:: Information shown ::

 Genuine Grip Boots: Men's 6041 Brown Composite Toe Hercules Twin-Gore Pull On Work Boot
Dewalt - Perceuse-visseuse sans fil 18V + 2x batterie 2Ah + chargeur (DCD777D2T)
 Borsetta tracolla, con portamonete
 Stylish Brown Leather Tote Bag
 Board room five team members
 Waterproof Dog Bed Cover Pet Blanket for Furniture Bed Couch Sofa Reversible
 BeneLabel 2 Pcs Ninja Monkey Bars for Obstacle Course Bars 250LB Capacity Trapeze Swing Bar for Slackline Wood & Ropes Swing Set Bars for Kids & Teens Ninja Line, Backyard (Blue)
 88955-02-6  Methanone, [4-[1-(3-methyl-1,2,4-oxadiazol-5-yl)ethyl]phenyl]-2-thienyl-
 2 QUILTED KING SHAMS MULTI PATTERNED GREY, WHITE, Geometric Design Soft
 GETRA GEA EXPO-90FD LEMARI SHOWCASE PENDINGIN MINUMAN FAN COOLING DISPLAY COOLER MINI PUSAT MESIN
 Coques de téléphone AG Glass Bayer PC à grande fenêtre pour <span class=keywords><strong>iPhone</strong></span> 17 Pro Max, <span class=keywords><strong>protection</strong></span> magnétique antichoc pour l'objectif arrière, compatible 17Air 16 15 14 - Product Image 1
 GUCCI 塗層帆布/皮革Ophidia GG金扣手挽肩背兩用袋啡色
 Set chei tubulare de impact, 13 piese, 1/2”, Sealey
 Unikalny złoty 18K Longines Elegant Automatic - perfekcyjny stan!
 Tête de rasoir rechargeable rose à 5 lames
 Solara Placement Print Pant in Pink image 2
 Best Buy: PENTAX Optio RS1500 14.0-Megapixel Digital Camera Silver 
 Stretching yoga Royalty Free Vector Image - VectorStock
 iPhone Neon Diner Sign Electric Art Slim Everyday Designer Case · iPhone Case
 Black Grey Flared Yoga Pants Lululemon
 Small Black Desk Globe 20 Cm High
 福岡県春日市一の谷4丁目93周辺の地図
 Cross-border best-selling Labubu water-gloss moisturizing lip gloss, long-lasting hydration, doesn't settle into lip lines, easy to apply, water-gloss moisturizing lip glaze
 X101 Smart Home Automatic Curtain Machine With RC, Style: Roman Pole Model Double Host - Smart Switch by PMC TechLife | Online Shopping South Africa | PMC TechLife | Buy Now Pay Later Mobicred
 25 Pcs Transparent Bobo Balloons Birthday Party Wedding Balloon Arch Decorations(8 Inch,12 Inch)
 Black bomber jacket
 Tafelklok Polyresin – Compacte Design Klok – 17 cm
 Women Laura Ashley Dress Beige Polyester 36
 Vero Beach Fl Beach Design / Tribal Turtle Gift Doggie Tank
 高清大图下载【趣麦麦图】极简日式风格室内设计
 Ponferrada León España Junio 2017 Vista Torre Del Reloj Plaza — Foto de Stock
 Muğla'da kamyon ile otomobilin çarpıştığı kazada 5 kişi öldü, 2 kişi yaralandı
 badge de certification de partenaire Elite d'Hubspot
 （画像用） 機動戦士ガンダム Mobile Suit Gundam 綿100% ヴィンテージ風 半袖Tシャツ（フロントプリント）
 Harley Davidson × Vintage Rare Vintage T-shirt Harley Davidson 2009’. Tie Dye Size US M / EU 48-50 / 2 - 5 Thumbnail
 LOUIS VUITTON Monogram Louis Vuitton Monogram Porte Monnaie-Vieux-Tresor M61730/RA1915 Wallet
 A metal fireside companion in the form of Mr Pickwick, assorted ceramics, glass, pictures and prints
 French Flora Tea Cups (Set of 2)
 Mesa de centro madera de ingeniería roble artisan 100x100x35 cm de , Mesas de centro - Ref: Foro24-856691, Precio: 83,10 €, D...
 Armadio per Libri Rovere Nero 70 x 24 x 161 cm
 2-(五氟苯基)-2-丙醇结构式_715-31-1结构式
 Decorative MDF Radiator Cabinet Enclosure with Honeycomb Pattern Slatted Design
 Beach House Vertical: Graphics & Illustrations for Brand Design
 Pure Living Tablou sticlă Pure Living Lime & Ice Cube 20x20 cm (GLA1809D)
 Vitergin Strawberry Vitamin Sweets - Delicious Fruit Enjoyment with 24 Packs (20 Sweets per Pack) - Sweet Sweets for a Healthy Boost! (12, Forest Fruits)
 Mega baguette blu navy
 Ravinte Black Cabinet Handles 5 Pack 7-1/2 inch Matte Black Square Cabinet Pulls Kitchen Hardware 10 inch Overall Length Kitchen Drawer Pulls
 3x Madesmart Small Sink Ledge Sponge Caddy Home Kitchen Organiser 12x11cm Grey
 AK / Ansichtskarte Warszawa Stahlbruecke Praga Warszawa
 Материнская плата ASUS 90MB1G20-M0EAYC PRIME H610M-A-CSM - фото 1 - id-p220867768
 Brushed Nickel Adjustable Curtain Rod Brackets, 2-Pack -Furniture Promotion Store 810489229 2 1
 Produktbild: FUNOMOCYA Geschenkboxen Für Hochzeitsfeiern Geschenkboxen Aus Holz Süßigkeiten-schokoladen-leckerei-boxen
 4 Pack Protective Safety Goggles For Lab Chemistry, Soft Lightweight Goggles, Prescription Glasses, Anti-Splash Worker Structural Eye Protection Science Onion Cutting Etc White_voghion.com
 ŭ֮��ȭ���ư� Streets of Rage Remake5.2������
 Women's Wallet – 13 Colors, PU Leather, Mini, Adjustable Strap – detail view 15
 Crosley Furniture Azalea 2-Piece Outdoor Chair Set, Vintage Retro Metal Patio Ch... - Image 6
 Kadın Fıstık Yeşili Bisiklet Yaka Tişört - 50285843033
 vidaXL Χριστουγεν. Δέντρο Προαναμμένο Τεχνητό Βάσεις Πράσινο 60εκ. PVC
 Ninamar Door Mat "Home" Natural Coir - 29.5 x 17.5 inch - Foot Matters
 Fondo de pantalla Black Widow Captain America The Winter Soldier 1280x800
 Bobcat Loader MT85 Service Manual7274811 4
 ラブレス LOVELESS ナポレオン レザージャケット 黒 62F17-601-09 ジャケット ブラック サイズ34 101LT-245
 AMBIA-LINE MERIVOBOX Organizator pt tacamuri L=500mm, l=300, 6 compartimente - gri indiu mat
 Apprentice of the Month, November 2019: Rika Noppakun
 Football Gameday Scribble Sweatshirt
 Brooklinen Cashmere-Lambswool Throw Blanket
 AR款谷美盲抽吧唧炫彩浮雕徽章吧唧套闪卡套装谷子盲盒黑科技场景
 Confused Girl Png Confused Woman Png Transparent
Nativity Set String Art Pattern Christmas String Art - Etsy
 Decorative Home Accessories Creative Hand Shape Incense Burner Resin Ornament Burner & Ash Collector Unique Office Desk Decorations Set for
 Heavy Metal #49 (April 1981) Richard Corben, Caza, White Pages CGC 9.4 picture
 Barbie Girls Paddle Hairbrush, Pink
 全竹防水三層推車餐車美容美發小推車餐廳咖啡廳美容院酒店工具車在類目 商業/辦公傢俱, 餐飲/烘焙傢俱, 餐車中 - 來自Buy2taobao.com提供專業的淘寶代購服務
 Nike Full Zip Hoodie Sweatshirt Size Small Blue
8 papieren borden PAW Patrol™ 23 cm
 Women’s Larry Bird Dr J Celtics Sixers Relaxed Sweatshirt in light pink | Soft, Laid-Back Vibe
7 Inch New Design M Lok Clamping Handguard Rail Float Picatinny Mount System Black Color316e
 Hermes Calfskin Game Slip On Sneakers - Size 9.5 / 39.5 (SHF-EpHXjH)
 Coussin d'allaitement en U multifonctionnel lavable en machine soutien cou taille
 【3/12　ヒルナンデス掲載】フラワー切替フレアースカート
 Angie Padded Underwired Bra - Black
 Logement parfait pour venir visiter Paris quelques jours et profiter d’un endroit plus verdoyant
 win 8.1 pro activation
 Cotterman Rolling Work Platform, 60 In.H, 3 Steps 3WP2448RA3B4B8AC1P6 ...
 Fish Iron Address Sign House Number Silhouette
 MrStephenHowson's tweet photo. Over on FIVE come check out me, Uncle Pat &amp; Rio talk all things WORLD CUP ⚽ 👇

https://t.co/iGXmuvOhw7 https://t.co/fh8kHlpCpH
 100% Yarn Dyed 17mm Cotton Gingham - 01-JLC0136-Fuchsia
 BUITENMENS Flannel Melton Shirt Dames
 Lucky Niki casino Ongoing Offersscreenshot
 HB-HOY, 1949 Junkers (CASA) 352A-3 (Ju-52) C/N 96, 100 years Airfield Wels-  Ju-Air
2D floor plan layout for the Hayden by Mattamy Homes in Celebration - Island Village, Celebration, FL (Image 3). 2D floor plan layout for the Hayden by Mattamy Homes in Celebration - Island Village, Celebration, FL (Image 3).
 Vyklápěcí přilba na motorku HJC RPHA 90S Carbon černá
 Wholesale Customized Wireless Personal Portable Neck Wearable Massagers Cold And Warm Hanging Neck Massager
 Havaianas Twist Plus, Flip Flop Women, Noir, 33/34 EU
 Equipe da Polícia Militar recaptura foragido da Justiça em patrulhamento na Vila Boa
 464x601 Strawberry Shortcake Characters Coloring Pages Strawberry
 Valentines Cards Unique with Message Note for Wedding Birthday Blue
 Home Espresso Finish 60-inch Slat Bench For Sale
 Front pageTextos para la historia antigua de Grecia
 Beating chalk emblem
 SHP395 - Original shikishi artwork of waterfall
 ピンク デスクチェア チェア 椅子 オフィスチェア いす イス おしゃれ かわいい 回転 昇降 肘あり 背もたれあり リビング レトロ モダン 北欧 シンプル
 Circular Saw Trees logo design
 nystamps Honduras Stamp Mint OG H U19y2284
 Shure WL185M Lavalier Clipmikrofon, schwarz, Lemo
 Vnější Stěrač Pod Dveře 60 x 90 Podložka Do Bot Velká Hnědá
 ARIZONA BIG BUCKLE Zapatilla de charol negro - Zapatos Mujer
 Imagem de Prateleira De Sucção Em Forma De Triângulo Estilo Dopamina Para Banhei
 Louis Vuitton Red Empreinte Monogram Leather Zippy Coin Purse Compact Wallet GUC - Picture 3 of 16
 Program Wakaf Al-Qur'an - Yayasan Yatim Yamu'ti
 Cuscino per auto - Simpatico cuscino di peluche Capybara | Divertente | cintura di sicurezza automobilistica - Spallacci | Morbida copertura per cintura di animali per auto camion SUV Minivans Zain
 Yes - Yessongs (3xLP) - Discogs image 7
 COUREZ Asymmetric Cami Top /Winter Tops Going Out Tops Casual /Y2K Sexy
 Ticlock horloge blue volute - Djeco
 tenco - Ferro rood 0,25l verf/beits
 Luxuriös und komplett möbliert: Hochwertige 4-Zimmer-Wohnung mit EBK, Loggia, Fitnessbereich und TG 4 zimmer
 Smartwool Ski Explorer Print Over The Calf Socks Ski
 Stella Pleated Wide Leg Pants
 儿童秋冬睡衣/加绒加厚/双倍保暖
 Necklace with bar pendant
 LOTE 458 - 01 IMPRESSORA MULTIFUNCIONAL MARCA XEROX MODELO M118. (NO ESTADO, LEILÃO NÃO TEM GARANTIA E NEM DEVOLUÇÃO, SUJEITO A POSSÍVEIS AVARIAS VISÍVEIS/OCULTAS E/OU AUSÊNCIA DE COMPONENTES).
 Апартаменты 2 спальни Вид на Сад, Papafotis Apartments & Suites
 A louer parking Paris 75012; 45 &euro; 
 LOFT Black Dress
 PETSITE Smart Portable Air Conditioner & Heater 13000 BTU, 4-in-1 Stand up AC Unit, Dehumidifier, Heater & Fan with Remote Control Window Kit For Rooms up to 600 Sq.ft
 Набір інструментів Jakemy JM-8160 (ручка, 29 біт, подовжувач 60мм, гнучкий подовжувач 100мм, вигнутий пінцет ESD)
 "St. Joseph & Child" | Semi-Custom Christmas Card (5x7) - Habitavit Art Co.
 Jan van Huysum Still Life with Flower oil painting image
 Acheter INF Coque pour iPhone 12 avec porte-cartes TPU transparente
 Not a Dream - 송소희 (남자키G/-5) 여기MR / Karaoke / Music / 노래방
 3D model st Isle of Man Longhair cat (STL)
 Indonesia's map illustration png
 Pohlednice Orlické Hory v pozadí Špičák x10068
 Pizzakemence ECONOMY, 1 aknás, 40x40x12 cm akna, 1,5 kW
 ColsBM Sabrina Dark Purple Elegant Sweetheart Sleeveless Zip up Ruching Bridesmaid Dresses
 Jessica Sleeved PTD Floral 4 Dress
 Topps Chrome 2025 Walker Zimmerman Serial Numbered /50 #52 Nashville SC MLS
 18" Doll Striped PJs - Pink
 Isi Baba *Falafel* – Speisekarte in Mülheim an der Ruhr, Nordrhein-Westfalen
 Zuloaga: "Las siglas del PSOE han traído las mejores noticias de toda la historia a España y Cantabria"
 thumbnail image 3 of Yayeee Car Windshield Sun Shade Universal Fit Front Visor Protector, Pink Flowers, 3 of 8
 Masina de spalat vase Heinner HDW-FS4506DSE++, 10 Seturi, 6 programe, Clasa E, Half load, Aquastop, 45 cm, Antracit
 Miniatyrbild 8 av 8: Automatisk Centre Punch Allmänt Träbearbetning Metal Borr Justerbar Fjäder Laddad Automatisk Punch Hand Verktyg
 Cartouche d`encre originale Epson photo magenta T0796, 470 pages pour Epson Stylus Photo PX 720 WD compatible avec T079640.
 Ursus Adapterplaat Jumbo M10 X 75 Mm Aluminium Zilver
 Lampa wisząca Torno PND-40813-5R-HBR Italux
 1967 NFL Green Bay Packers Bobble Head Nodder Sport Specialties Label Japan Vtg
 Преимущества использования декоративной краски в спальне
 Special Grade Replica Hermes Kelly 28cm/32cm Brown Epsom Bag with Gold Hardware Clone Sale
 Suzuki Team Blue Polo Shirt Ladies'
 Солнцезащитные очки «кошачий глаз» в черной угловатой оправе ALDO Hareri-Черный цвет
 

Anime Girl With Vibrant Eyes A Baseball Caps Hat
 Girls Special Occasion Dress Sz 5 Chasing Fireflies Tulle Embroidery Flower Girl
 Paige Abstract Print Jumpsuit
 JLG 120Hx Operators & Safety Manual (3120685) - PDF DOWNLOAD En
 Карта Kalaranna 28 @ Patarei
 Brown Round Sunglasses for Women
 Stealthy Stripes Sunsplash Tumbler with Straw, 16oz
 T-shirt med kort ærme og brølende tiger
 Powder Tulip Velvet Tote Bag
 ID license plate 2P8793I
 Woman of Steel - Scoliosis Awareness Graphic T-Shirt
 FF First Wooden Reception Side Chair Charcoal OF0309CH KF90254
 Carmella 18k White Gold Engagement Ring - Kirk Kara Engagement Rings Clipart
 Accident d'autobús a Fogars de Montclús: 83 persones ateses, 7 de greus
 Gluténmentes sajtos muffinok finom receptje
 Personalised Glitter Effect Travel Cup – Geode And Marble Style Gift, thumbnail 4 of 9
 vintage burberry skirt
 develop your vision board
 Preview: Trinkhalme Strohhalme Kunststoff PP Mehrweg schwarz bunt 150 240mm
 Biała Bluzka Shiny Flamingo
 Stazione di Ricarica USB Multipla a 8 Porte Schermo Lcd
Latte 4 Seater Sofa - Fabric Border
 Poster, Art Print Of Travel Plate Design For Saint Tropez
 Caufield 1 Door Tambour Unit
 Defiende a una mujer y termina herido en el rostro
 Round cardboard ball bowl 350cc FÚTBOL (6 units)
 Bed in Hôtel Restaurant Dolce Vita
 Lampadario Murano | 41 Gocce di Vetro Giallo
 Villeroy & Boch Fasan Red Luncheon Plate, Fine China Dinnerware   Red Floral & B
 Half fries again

:::

Task prompt: An exact copy of the lines from the one holding "Stealthy Stripes Sunsplash" through the end of the data is the whole answer.

Exercise output:
 Stealthy Stripes Sunsplash Tumbler with Straw, 16oz
 T-shirt med kort ærme og brølende tiger
 Powder Tulip Velvet Tote Bag
 ID license plate 2P8793I
 Woman of Steel - Scoliosis Awareness Graphic T-Shirt
 FF First Wooden Reception Side Chair Charcoal OF0309CH KF90254
 Carmella 18k White Gold Engagement Ring - Kirk Kara Engagement Rings Clipart
 Accident d'autobús a Fogars de Montclús: 83 persones ateses, 7 de greus
 Gluténmentes sajtos muffinok finom receptje
 Personalised Glitter Effect Travel Cup – Geode And Marble Style Gift, thumbnail 4 of 9
 vintage burberry skirt
 develop your vision board
 Preview: Trinkhalme Strohhalme Kunststoff PP Mehrweg schwarz bunt 150 240mm
 Biała Bluzka Shiny Flamingo
 Stazione di Ricarica USB Multipla a 8 Porte Schermo Lcd
Latte 4 Seater Sofa - Fabric Border
 Poster, Art Print Of Travel Plate Design For Saint Tropez
 Caufield 1 Door Tambour Unit
 Defiende a una mujer y termina herido en el rostro
 Round cardboard ball bowl 350cc FÚTBOL (6 units)
 Bed in Hôtel Restaurant Dolce Vita
 Lampadario Murano | 41 Gocce di Vetro Giallo
 Villeroy & Boch Fasan Red Luncheon Plate, Fine China Dinnerware   Red Floral & B
 Half fries again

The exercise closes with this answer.